Los investigadores estuvieron estudiando durante años este rápido camuflaje, mucho más veloz que el del camaleón, en la sepia y otros cefalópodos, incluyendo el calamar y el pulpo. La piel de sepia es única por su dinamismo y velocidad de cambio, aseguran estos científicos.

La clave está en unas células de la piel que reflejan la luz, llamadas cromatóforos, que hasta ahora se consideraban unicamente como órganos de pigmentación que actuaban filtrando colores de manera selectiva. Es decir, la sepia les indicaba qué color mostrar dependiendo de los colores de su alrededor para urdir el engaño.

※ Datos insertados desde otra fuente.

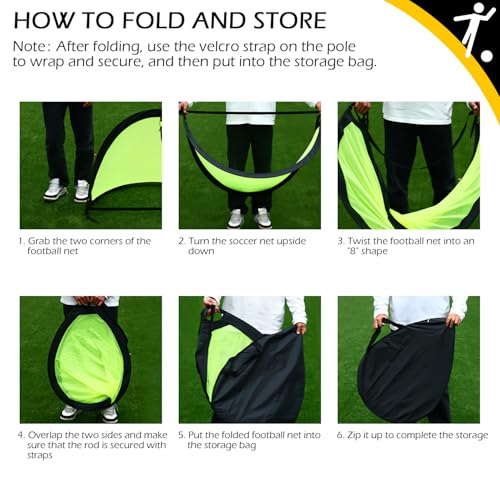Pop Up Soccer Goals 4ft Soccer Goal Posts for Kids, Foldable Soccer Garden Goals Soccer Sport Games Training Practice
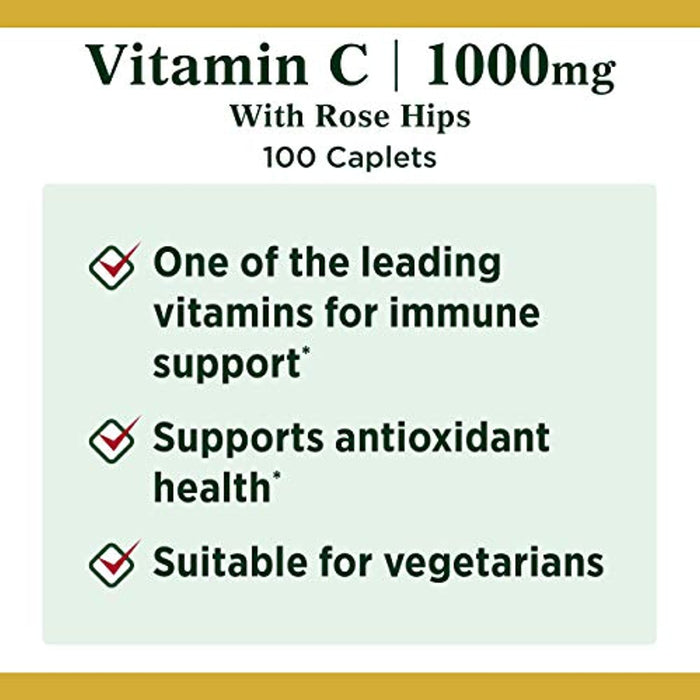 Vitamin C + Rose Hips by Nature’s Bounty. Vitamin C is a leading vitamin for immune support 1000mg 100 Coated Caplets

Sin embargo, los resultados de este estudio de Harvard, liderado por Leila Deravi y Kevin Kit Parker, sugieren que juegan un papel más complejo: contienen nanoestructuras luminiscentes que permiten a la sepia para hacer cambios rápidos y complejos en la pigmentación de la piel.

Estos gránulos de pigmento de la piel, conectados al sistema nervioso del animal, regulan la luz que reflejan por absorción, reflexión y fluorescencia. Y lo más impresionante: cuando se activan, cada cromatóforo se expande llegando a alcanzar hasta cinco veces su tamaño original, lo que le permite adoptar con mayor solvencia ese camuflaje, pero sin perder ninguna de las propiedades de color. Imaginen inflar un globo hasta cinco veces su tamaño y que mantenga la misma tonalidad de su coloración al hacerlo: la sepia puede.

Kevin Kit Parker, líder de los investigadores, además de científico y profesor de Harvard, es paracaidista del Ejército de EEUU. Ha combatido en Afganistán y lo primero que se le pasó por la cabeza al descubrir este fascinante mecanismo fue el de usar esta biotecnología para proporcionar invisibilidad a los soldados, algo muy parecido a lo que aparecía en la saga cinematográfica 'Predator'.

Parker, que mide 1,95 metros, sabe mejor que nadie que un buen camuflaje pueden salvar vidas en el campo de batalla. "A lo largo de la historia, la gente ha soñado con tener un traje invisible", explica Parker. "La naturaleza ya ha resuelto el problema y ahora nos toca a nosotros reproducir esta genialidad para, como la sepia, podamos evitar a los depredadores”.